While Loser never quite breaks free of the romantic comedy envelope, it occasionally tests the boundaries. With one exception, the film earns its laughs without turning its characters into buffoons or endangering their dignity. And it’s a pleasure to watch a movie in which the protagonists speak and act like individuals who have more on their minds than who they’re going to take to the big dance (a plot device that is thankfully absent in Loser). Academic and financial issues rank as highly on Paul and Dora’s list of priorities as finding the right mate.

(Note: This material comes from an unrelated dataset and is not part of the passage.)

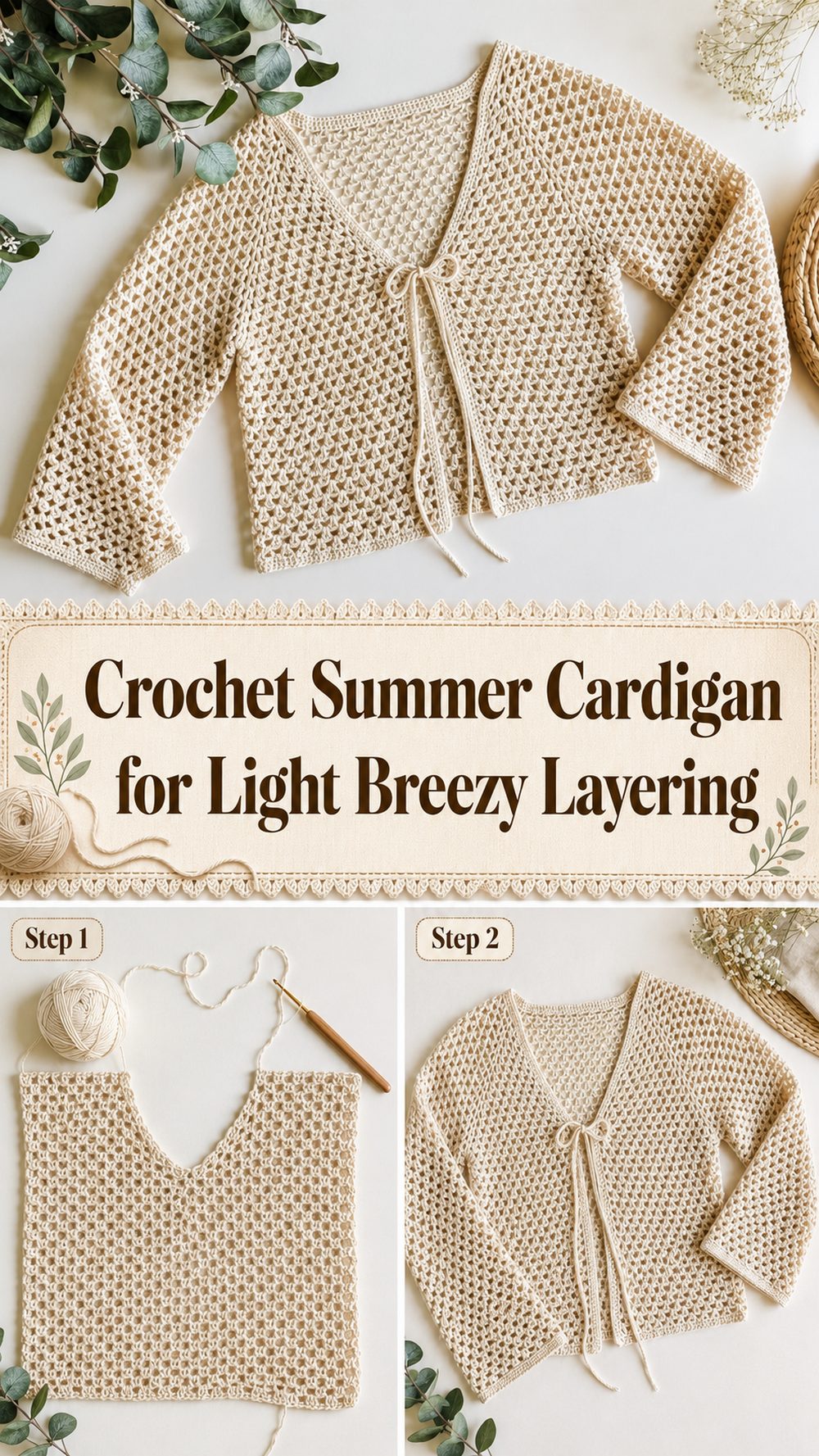 Crochet Summer Cardigan for Light Breezy Layering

Loser is guaranteed to appeal to anyone who has liked the umpteen recent late teens/early twenties romantic comedies, but the film also has qualities that could attract a wider audience. Despite the presence of American Pie alums Biggs and Suvari, this is not an excursion into crude, lewd humor and madcap sexcapades. Both the sexual content and the profanity are limited; Heckerling expects the characters to carry Loser, which they do. And that’s an all-too-rare statement to make about any Hollywood-based production these days. Loser bucks the summer trend, proving that a little light romance is an appealing antidote to an overdose of testosterone and adrenaline.
Loser (2000)
Directed by: Amy Heckerling
Starring: Jason Biggs, Mena Suvari, Zak Orth, Thomas Sadoski, Jimmi Simpson, Greg Kinnear, Dan Aykroyd, Twink Caplan, Robert Miano, Mollie Heckerling, Colleen Camp
Screenplay by: Amy Heckerling
Production Design by: Steven J. Jordan
Cinematography by: Rob Hahn
Film Editing by: Debra Chiate
Costume Design by: Mona May
Set Decoration by: Patricia Cuccia, Beth Kushnick
Art Direction by: Andrew M. Stearn
Music by: David Kitay
MPAA Rating: PG-13 for drug content, crude sexual material and language.